Mas existe uma razão maior para que a maior reestruturação do comando da política econômica dos Estados Unidos em mais de uma década (se excluirmos as mudanças relacionadas às eleições) tenha fracassado na geração de grande excitação.
Ninguém acredita realmente que o comando da equipe econômica do presente governo importe muito.
Ao trocar sua equipe, Bush na verdade demonstrou uma vez mais quão pouco eles ou seus assessores sabem ou se importam com os fundamentos de uma boa política. Bush parece acreditar que todas as calamidades dos dois últimos anos podem ser corrigidas com a indicação de dois homens que, nas palavras de diversos funcionários da Casa Branca, serão melhores "vendedores" da política econômica defendida pelos republicanos. A conversa gira em torno de mãos firmes e rostos sorridentes. Isso deve bastar, dizem os funcionários, para restaurar a confiança na política da equipe econômica de Bush.
Mas o que eles não percebem é que o problema central com a equipe de Bush vinha sendo a percepção, devastadoramente precisa, de que no que tange às decisões estratégicas, a economia é uma disciplina desvalorizada no presente governo. As demandas da segurança nacional, o setor empresarial, a política interna do Partido Republicano e, acima de tudo, a eleição presidencial de 2004 superam uma política econômica sólida nas prioridades do governo do atual presidente.
Evidentemente, trocar de mensageiro era provavelmente necessário. O'Neill e Lindsey eram um estranho casal, uma bizarra desunião entre o taciturno e o otimista. O primeiro, secretário do Tesouro, demonstrava uma visão permanentemente rósea, convencido de que a economia ficaria bem desde que o governo continuasse a falar sobre ela de maneira positiva e permitisse que os mercados e o Federal Reserve (Fed, o banco central dos Estados Unidos) cumprissem seus deveres.
Lindsey era o perpétuo pessimista, com o dedo permanentemente pousado no botão de alerta. Acreditava já havia anos que o boom da década de 90 terminaria em uma grande carnificina e estava cada vez mais convicto da necessidade de intervenção urgente.
Sem dúvida Snow e Friedman, até onde se sabe homens capazes e dignos de admiração, pelo menos trabalharão com base em uma posição mais compatível. Mas será que vão se provar mais efetivos que seus predecessores na condução dos Estados Unidos rumo às políticas tributárias e regulatórias de que o país precisa?
O problema de credibilidade da Casa Branca de Bush em termos de política econômica e financeira não deriva, como o governo presente parece acreditar, da qualidade de seu pessoal.
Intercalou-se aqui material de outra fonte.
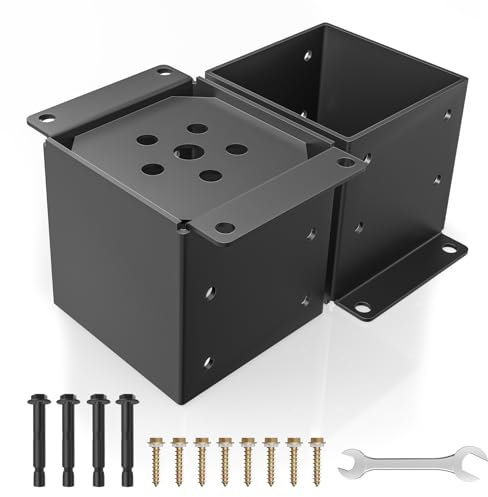 6x6 Post Base 2 Pcs, Heavy Duty Anchor With Anti-Corrosive Partition, Inner Size 5.6x5.6, 13 Gauge Thick Solid Steel, Rust-Proof Powder-Coated Wood Fence Brackets for Support Deck, Pergola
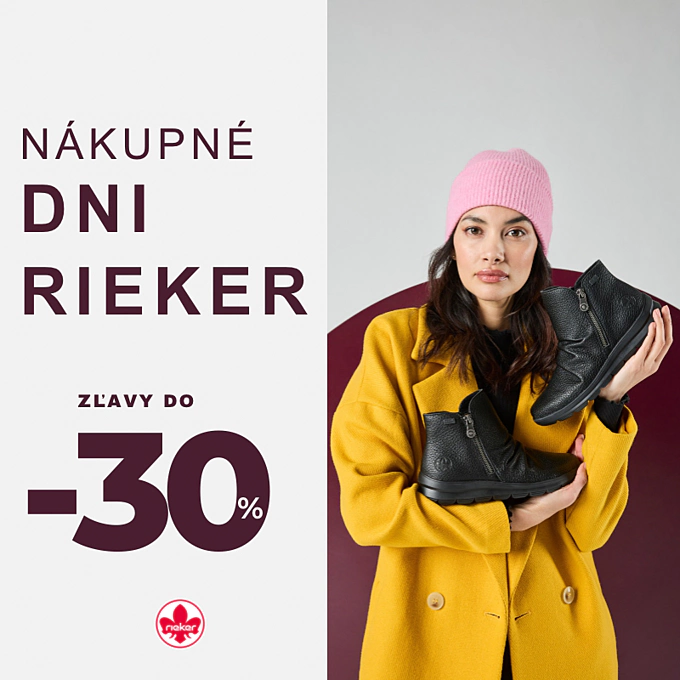 Dni Rieker: Doprajte si komfort a štýl so zľavami až do -30%!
Deriva do fato de que o mundo sabe que se trata de uma administração que abandonou os princípios, na política econômica, em troca de um pragmatismo cínico e calculado.
Deus sabe que o governo Clinton estava longe de perfeito. Mas demonstrava a disposição, na política internacional e na economia, especialmente na política fiscal, de escolher o caminho mais árduo. Era a doutrina Rubin, a convicção de que, não importavam os custos de curto prazo, a longo prazo as boas políticas econômicas gerariam suas próprias recompensas, quer se tratasse de medidas penosas para reduzir o déficit público quer do apoio, sempre impopular, a países em crise financeira.
Agora temos a doutrina Rove, a receita de Karl Rove no sentido de que, se algo faz bem em termos eleitorais, está decidido. É por isso que o governo pressionou em 2001 pela aprovação do inadequado pacote de corte de impostos concebido no pico da expansão dos anos 90; é por isso que impôs tarifas ao aço importado neste ano; é por isso que Bush assinou alegremente o projeto de lei da agricultura; e é por isso que ele deu meia-volta com o projeto de reforma da lei corporativa que seus economistas acreditavam que faria mais mal do que bem.
Talvez eu esteja sendo cínico demais. Talvez Bush tenha visto a luz. Talvez Snow e Friedman reafirmem as virtudes da consistência e da disciplina entre as autoridades econômicas. Talvez.